In the 1970's, there was a large-scale movement for beverage companies to stop using steel cans for soda pop and beer. Their existed the need to switch to an alternative material that offered lower cost in production, thus the aluminum can was born. Once word was out that aluminum weighed less, cost less and was recyclable, beverage companies were on board very quickly and the change became permanent. Today, aluminum, especially aluminum sheeting, is used for more industrial applications than ever before.
As a low-cost material that is both tough and lightweight, aluminum sheeting has been used across many industries for a number of years. In contrast to steel, aluminum weighs less than steel. Aluminum is cheaper to manufacture, and easier to bend into a variety of shapes. It can be shipped easily (less weight=less cost), and makes many items lighter in weight (cars, airplanes, etc.). Aluminum is also stronger and weighs less than tin, making aluminum a more cost feasible product.

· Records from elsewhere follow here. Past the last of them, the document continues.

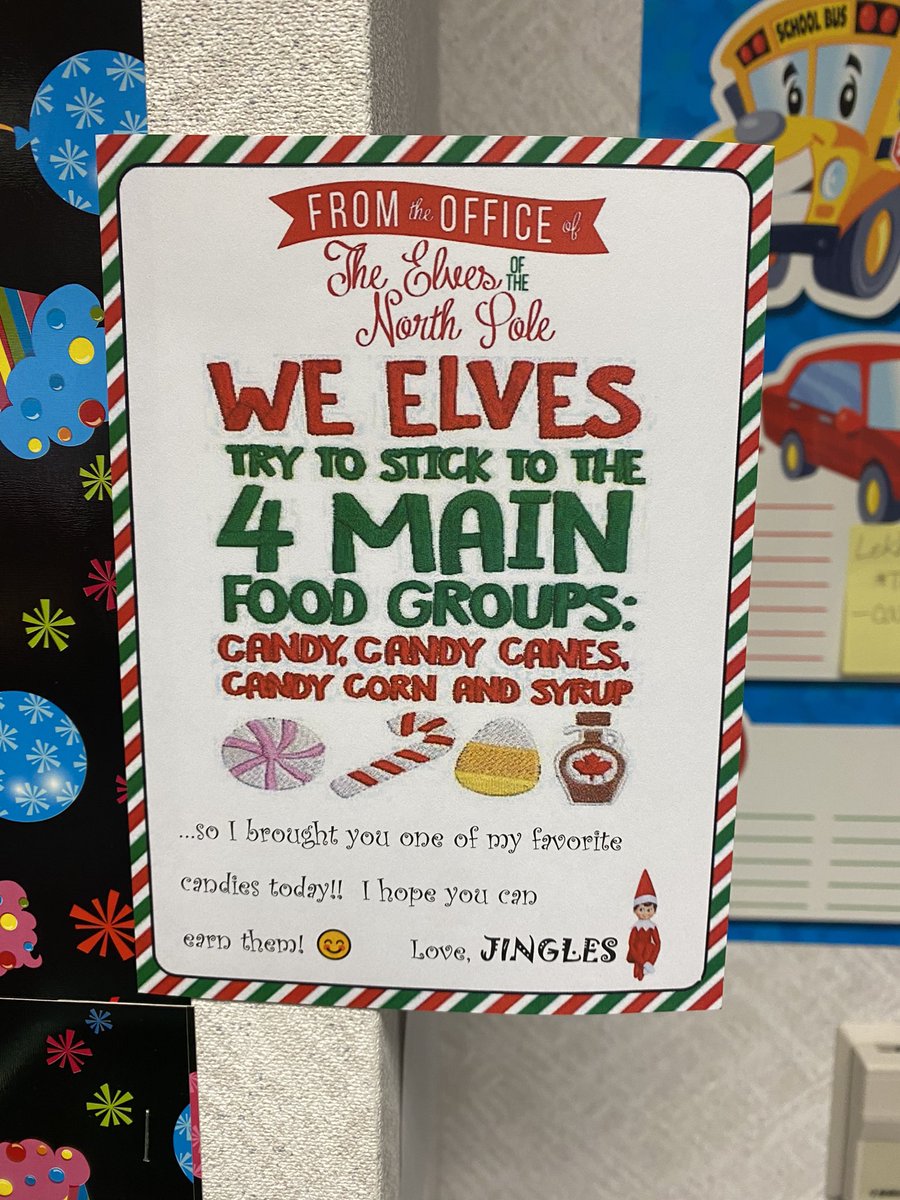 MsHKinderCrew's tweet photo. JINGLES must have been impressed with our behavior yesterday, because today he brought us a treat!! ๐ #sixlets ๐ด๐ขโช๏ธ #behaviorwatch #elfonduty @LindseyElem https://t.co/upM6OUYqfu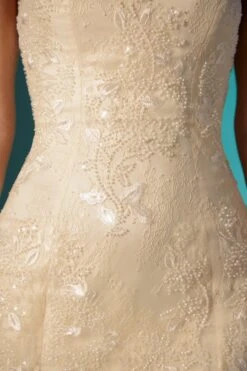 Embellished Lace Bandeau Mini Dress In Ivory -Pretty Dresses Sales 6568 3 Ivory Corset Dress With Rounded Neckline And Aline Hem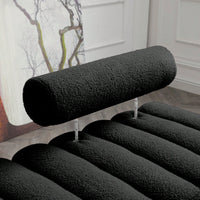 Fuzzy Sherpa Fabric Upholstered 2 Seater Bench With Gold Metal Legs For Bedroom Living Room Entryway Ottoman Footrest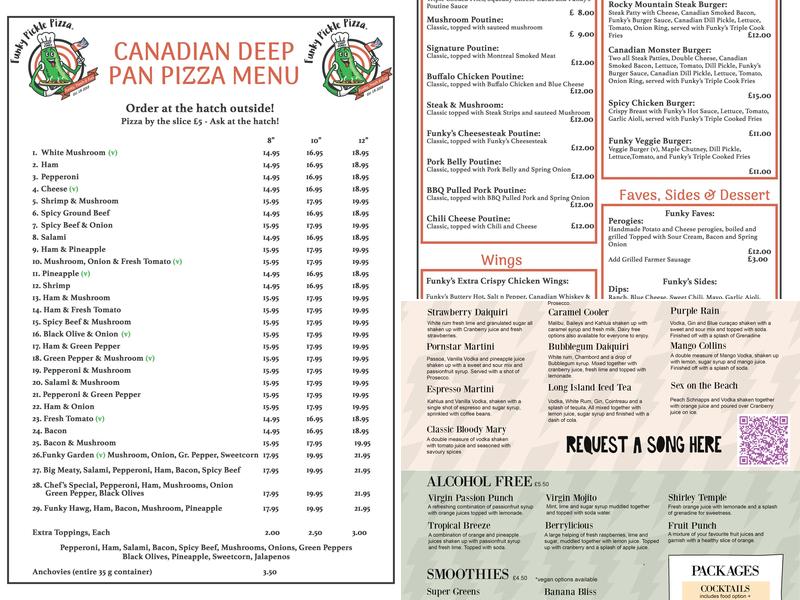 The Boileroom Music and Cultural Arts Space Menu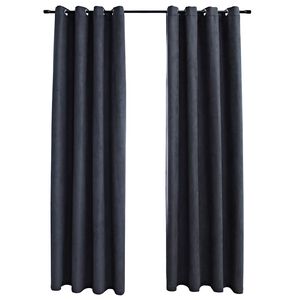 vidaXL Cortinas opacas con aros de metal 2 piezas antracita 140x175 cm
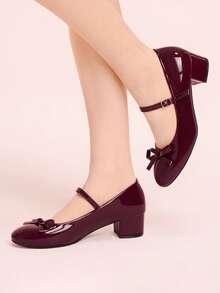 CUCCOO DOLLMOD Giày cao gót nữ thời trang đính nơ, giày công chúa phong cách Lolita, giày cao gót màu hồng dễ thương. - Màu Đỏ Sâu - Xem 5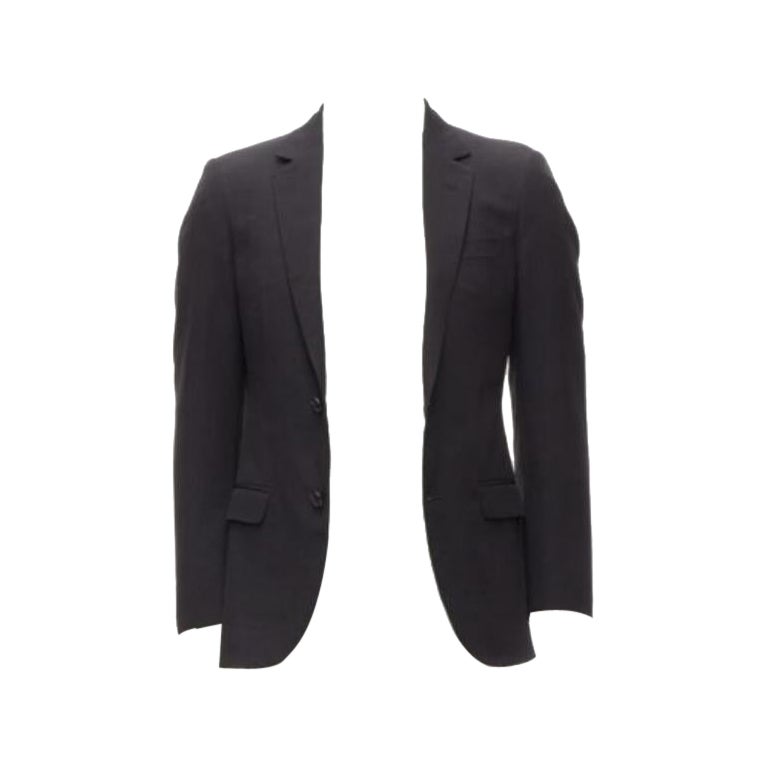 LANVIN black waffle low shine single breast minimal suit blazer EU44 XS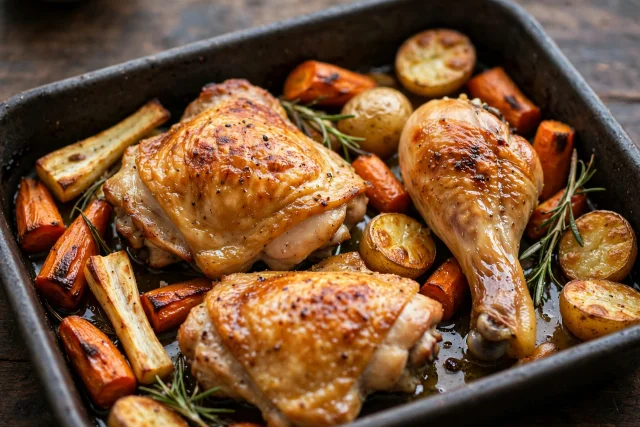 Herb roast chicken dinner with root vegetables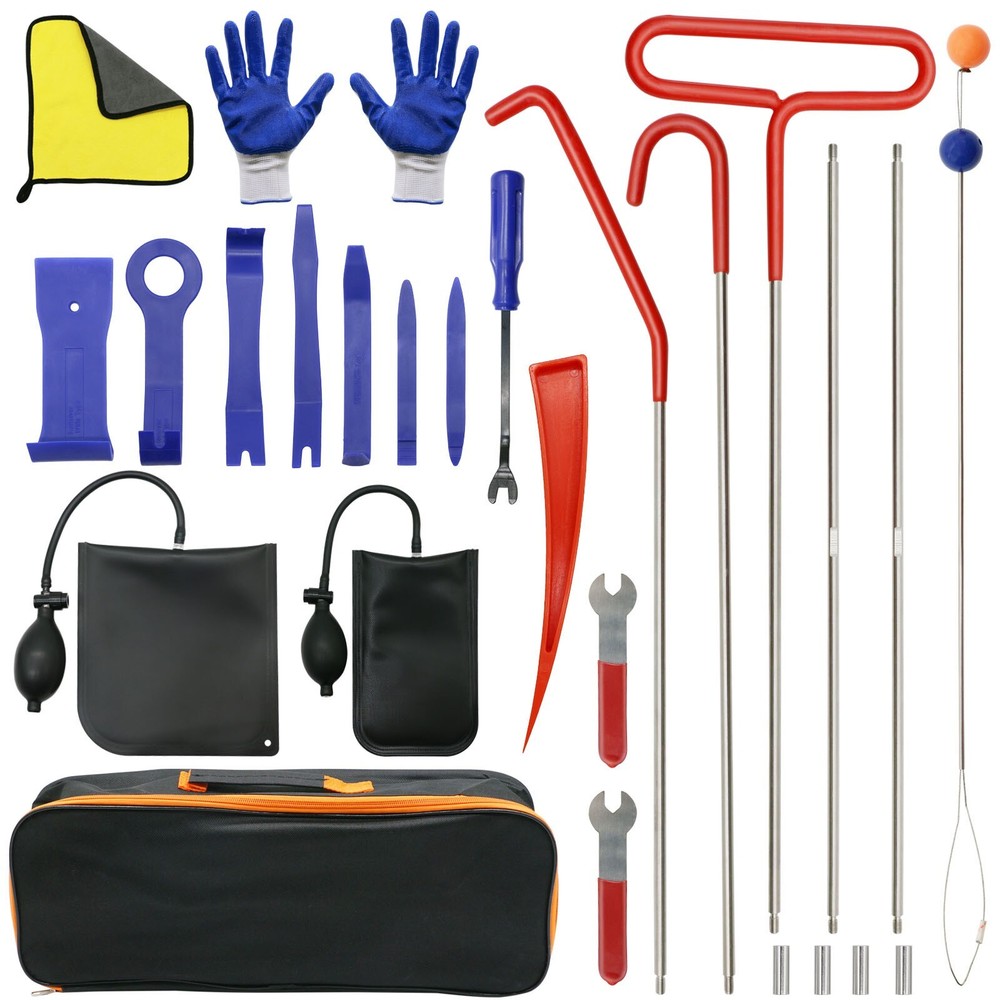 27x Car Door Repair Hand Tools Wedge Pump Locksmith Air Cushion Grabber Tool Set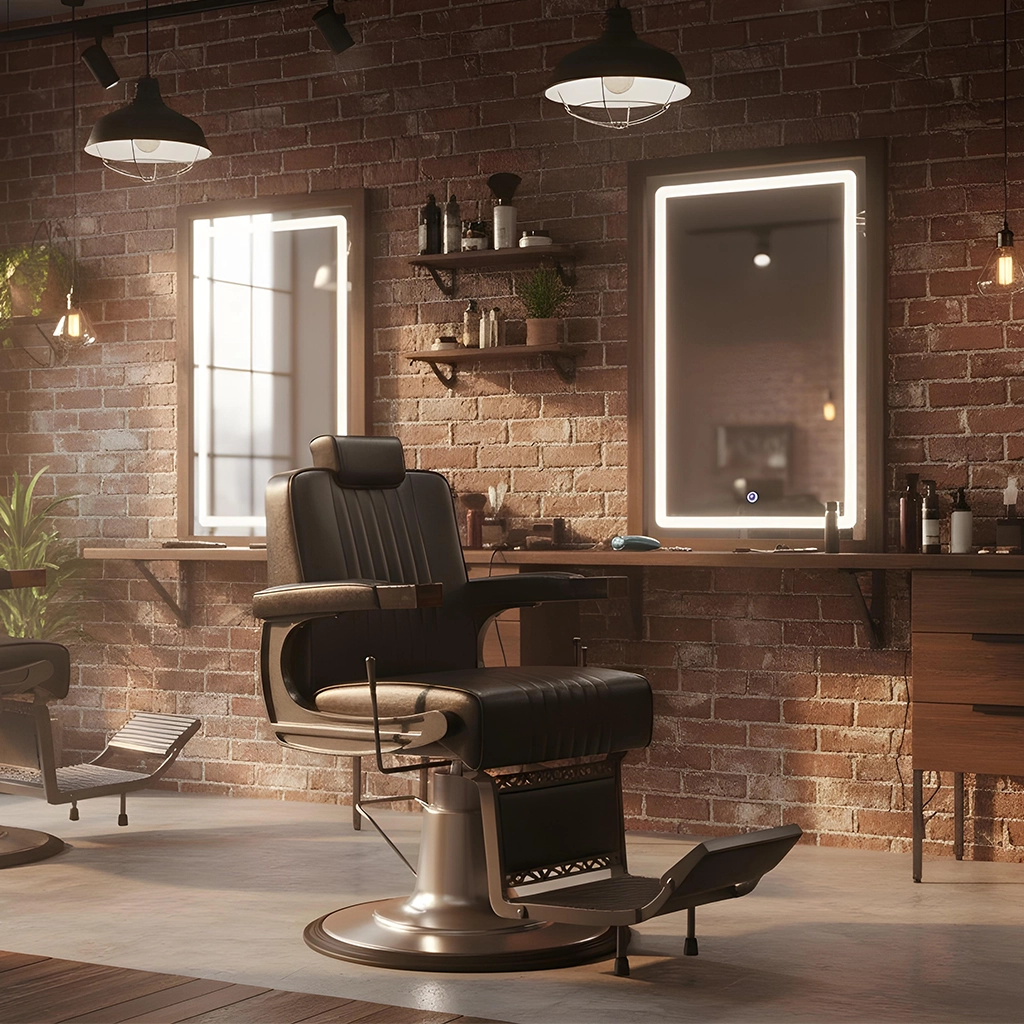 Poltrona da Barbiere parrucchiere per taglio capelli uomo nera reclinabile Fade 2.0 Mudi Weelko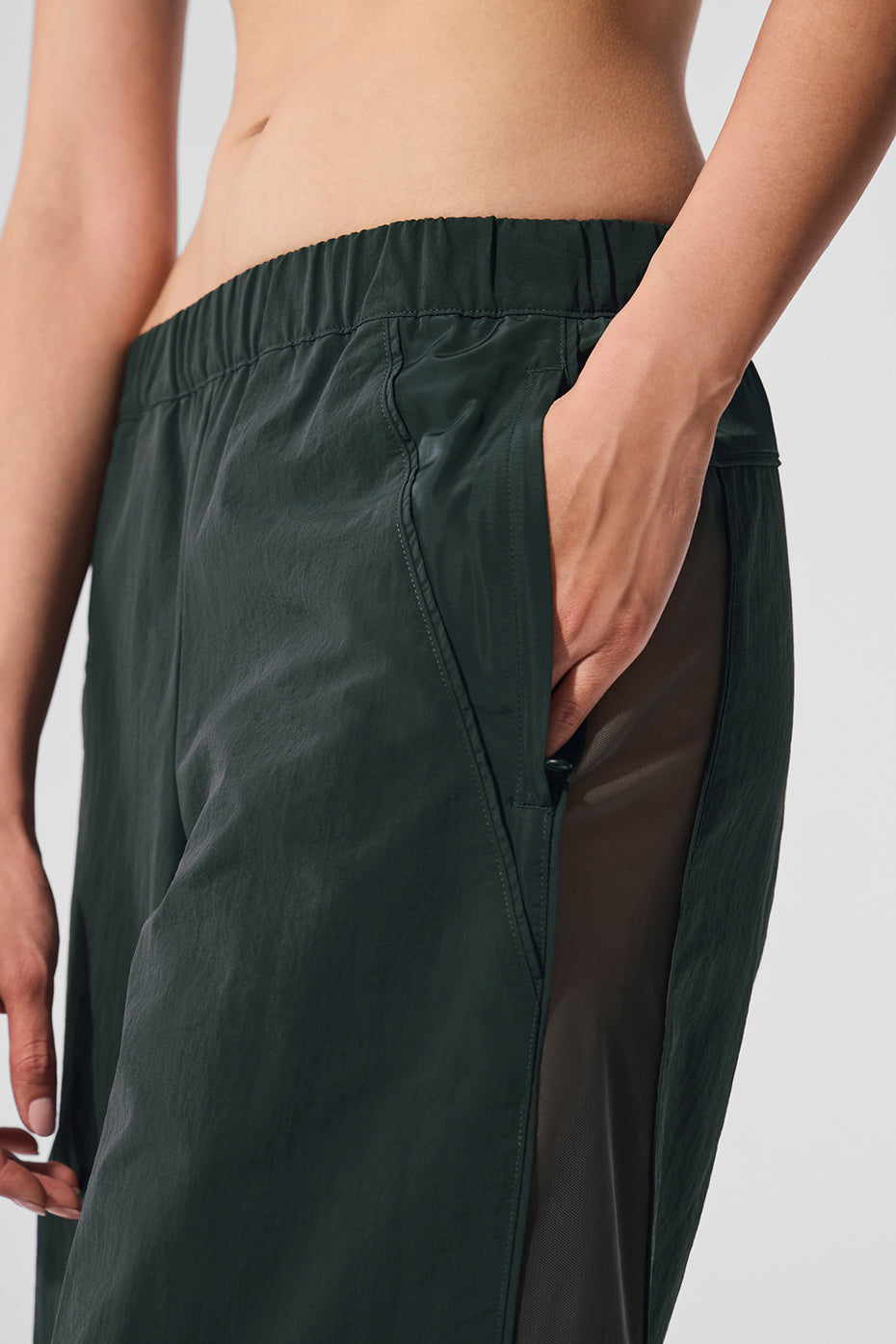 High-Waist Origin Wide Leg Track Pant - Charcoal Green - Image 4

The sheeting is available in a variety of grades. Each grade is manufactured with specific designated usages. Certain grades contain a combination of alloys to reinforce strength and/or chemical resistance; while other grades are heat-treated structurally, in order to maintain its resistance to corrosion. Commercially pure aluminum sheeting is generally regarded as the most chemically and weather resistant, but is not as strong as aluminum alloy grades.
Aluminum sheeting also comes in different thicknesses. In the manufacturing process, pre-treated aluminum ingots are passed through heavy rolls under massive amounts of pressure. The more pressure that is applied, the thinner and longer the aluminum becomes. Aluminum ingots can pass through many series of rollers to achieve their required gage, or thickness. Aluminum sheeting of any grade or alloy can extend from 0.006 inches to 0.080 inches thick. Any gage that is thinner than a gage of 0.006 is considered to be aluminum foil; whereas anything thicker than 0.080 is considered to be a metal plate.
Aside from being able to manufacture aluminum sheets in a wide array of grades and gauges, aluminum is a substance that can be formed, molded, stamped and anodized to just about any color in the rainbow. Assorted finishes are also possible - matte, glossy, and even a number of textures can be etched into aluminum sheeting to create a unique appearance. With aluminum's low cost and high malleability, it is perfect for household appliances such as toys, signage and machinery.
There are other uses, ranging from packaging, to the automobile and aerospace industries, to construction. Aluminum cans used in consumer markets are durable, hold up against corrosion, and are inexpensive to produce. Automakers use aluminum sheeting for paneling on cars, trailers, and on semi-trucks. Those in the aerospace industry construct planes and other equipment from aluminum sheeting due to the cost effectiveness and strength, yet it weighs less than other similar products. In construction, aluminum sheeting is used for building exteriors (aluminum gutters and siding) as well as structural interiors (duct work).
A naturally-abundant element found throughout the world, aluminum is an ideal material for an extensive range of purposes. Its lightweight, hard-wearing durability rivals steel and tin. It provides resistance against weather and is not corrosive. It can be produced relatively simply and at a lower cost, and offers ease-of-use on a manufacturing level. Aluminum is available in many different grades and gages; making it suitable for every application imaginable.